Когда же речь заходит о катастрофе морали — наготове учительский указующий жест; пост-соц-арт перестроечного происхождения, в котором оказывается опущенной сложная концептуальная и даже экзистенциальная основа произведений Ильи Кабакова, Эрика Булатова, Виталия Комара и Александра Меламида, а остается только оперирование советскими мифами. Причем нередки случаи их не очень уместного осуждения или же сопоставления с мифами вечными, что призвано придать искусству «метафизическую перспективу». Тут истоки и почва фильма «Жена керосинщика»; програмно «духовное» искусство религиозной проблематики, выражающее свои идеи в нетрадиционной форме, и часто в форме абстрактной живописи, призванной воздействовать подсознательно-суггестивно. В чем-то этому близок последний фильм Сокурова «Спаси и сохрани», сузивший прежние поиски режиссера до вполне определенной программы; ленинградская (специфически ленинград-ская!) андеграундная «духовка», замешанная на мистике полувосточного толка; соц-арт и одновременно «мистагогия», погруженная во мрак жизни. Фильм «Посвященный», читаемый в категориях «энергетического», полноправная часть этой культуры, где почти слиты музыка, театр, кино, живопись и непрерывное жизненное самосжигание. Нет, мы слишком разложили все по полочкам. Все сложнее. Но мы ведь ищем по¬зицию. И наша задача — отнюдь не заклеймить, а взглянуть в лицо тому художественному сознанию, которое имеет сегодня власть, и оно, в сущности, порождает то, что принято считать «массовым» и «элитарным». Именно поэтому в этих фильмах нас и интересуют пределы, которых им не переступить: интересует то, что не осознается.
Внутренние стереотипы — в творчестве и в восприятии. В разговоре о скрытых эстетических установках стоит обратить внимание на то, что наш потребитель изобразительного искусства до последнего времени и не помышлял об искусстве развлекательном, просто радующем глаз, коммерчески-декоративном. Ни история русского искусства, ни современность подобных возможностей почти не давала, и эта потребность удовлетворялась как бы вне искусства. Точнее, вне Искусства, потому что таким оно до сих пор мыслится советским человеком: ставящим некие глобальные проблемы, выражающим национальные, этические и прочие идеалы.

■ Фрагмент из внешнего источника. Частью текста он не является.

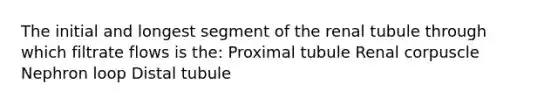 The initial and longest segment of the renal tubule through which filtrate flows is the: Proximal tubule Renal corpuscle Nephron loop Distal tubule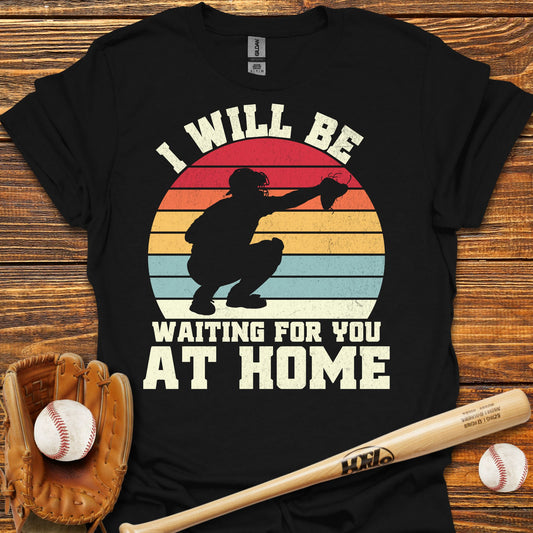 Wating For You At Home Catcher Adult T-Shirt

В силу дискредитации идеологических ценностей и официального соцреализма зритель в 70-е годы обращался к иным образцам. Например, к тому же «молодежному» искусству того времени с его «говорящими» натюрмортами из старинных картин, раковин и цветов, с его многозначительными театрализованными сценами, с его стилизациями реальной жизни под Ренессанс, с его прозрачными отсылками к различным «вечным ценностям». Но та же самая потребность в «искусстве идей» вела зрителя другого круга к опусам Ильи Глазунова, Константина Васильева, к православно- сюрреалистскому салону с Малой Грузинской и к прочим проявлениям махровой «массовой культуры». Мы сейчас говорим вещи, для нашей либеральной критики просто кощунственные. Конечно, проще закрыть глаза на то, что это два полюса одного явления, вырастающих на одной почве, на такой узкой, что достойное искусство оказывается опасно близко к салону.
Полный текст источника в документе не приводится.